Deregulation and the Subprime Crisis
Virginia Law Review
UVA Law Faculty Affiliations
Many popular and academic commentators identify deregulation as a cause of the 2007-08 financial crisis. Some argue that the Gramm-Leach-Bliley Act of 1999 (GLBA) and the Commodity Futures Modernization Act of 2000 (CFMA) removed barriers to risk-taking by commercial and investment banks, while others contend that these statutes limited regulators’ ability to respond to changing market conditions. A more general argument is that stringent regulation of banking from the New Deal to the late 1970s produced a quiet period in which there were no systemic banking crises, but subsequent deregulation led to crisis-prone banking.
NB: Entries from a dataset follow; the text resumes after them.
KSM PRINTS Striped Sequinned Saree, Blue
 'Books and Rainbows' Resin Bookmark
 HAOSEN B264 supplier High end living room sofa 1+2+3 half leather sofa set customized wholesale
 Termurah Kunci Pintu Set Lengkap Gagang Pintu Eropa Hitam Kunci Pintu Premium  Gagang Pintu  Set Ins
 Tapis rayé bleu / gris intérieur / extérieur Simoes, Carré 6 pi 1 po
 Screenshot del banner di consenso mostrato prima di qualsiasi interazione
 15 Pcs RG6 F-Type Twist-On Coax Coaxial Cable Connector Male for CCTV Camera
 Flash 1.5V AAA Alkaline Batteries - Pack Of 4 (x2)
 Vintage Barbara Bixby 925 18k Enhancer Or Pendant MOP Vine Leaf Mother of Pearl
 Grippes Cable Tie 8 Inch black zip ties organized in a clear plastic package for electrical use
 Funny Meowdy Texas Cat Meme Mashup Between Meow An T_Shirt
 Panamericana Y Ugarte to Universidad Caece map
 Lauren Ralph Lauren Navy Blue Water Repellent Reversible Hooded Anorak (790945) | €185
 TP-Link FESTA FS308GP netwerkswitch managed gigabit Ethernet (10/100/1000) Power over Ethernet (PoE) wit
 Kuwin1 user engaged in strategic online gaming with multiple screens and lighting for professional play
This Article examines the deregulation hypothesis in detail and concludes that it is incorrect. GLBA and CFMA did not remove existing restrictions that would have prevented the principal practices implicated in the subprime crisis, but instead codified the status quo. Although the two statutes prevented regulators from banning affiliations between commercial banks and securities firms and curbing over-the-counter derivatives markets, those actions would likely not have prevented the crisis or significantly reduced its severity.
The Article further argues that the era of stable banking was the result of a benign and predictable macroeconomic environment, not regulation of deposit interest rates. That era ended with the severe inflation and interest rate volatility of the 1970s. Policy makers had either to ease restrictions on the interest rates banks could pay their depositors or force savers to lend to banks at negative real rates of return. Interest rate risk caused both bank failures and bank deregulation.
Paul G. Mahoney, Deregulation and the Subprime Crisis, 104 Virginia Law Review 235-300 (2018).